After only a month or so, we hit the 100th visit Tuesday
Wow... considering it's probably always the same 5 people (à part des 3 perdus de Google) coming to visit, I'll say again: Wow-E!
So everybody together (And put a lot of heart into it please):
Bravo DMan! You're the 100th Visitor
*Cheers-Applause-Confettis-Ballounes*
____________________________________________________

[Le festival de Cannes du Weird Dream]
My subconscious is trying to tell me something, I'm sure.
These past few weeks, I've been having the weirdest dreams, more than one per nite and although I don't remember them 5 minutes after I wake up, I get this "what the fuck was THAT all about" feeling everytime
Last nite, I dreamed of Shamu (I can only guess that's how it's spelled)
You know the famous Marineland Killer-Whale-Mascotte-Main-Attraction? (I KNOW you all started singing that attrociously translated theme song in your head just now.. no doubts a BabelFish pearl)
He was all friendly at the beginning and most importantly, he was where he belongs: IN THE WATER
But as it turns out, he certainly wasn't content enough there because he escaped and started chasing me in a house (I'd like to know who's house that was!)
Last thing I remember is Gisèle running away from me and escaping through the gap under the door.

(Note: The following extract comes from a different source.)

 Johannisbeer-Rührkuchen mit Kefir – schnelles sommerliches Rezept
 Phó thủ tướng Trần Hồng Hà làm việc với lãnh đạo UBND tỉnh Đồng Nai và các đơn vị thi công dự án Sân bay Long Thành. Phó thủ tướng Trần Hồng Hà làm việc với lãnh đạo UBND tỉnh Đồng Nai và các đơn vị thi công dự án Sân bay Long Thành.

Apparently she wasn't very happy to be locked up in a room with me (I knew I should have taken Roxanne instead!) and she's probably too blonde for her cat brain to be able to process the fact that a giant killer whale named Shamu running after you in a stranger's house cannot mean good news!...
If any of you has hidden his psychic-dream-interpretation talent from me, now would be a good time to say something before I lose my sanity completely (and I hear Rico Suave saying "we'll it's not a big stretch.. you're already crazy!)
_____________________________________________________

[Funny People]
A new link has been added to the "Blog Addict" section
Davezilla
No, it's not DMan.... it's nobody we know...
BUT we have at least 2 things in common, and that's what convinced me he was worth linking:
1st, I found myself browsing through his archives (this dude has been blogging for like 5 years!) and amongst several pretty funny ones, I found this hilarious tattoo story that has me chuckling everytime I read it.. (and I swear I must have read it at least 50 times... so far)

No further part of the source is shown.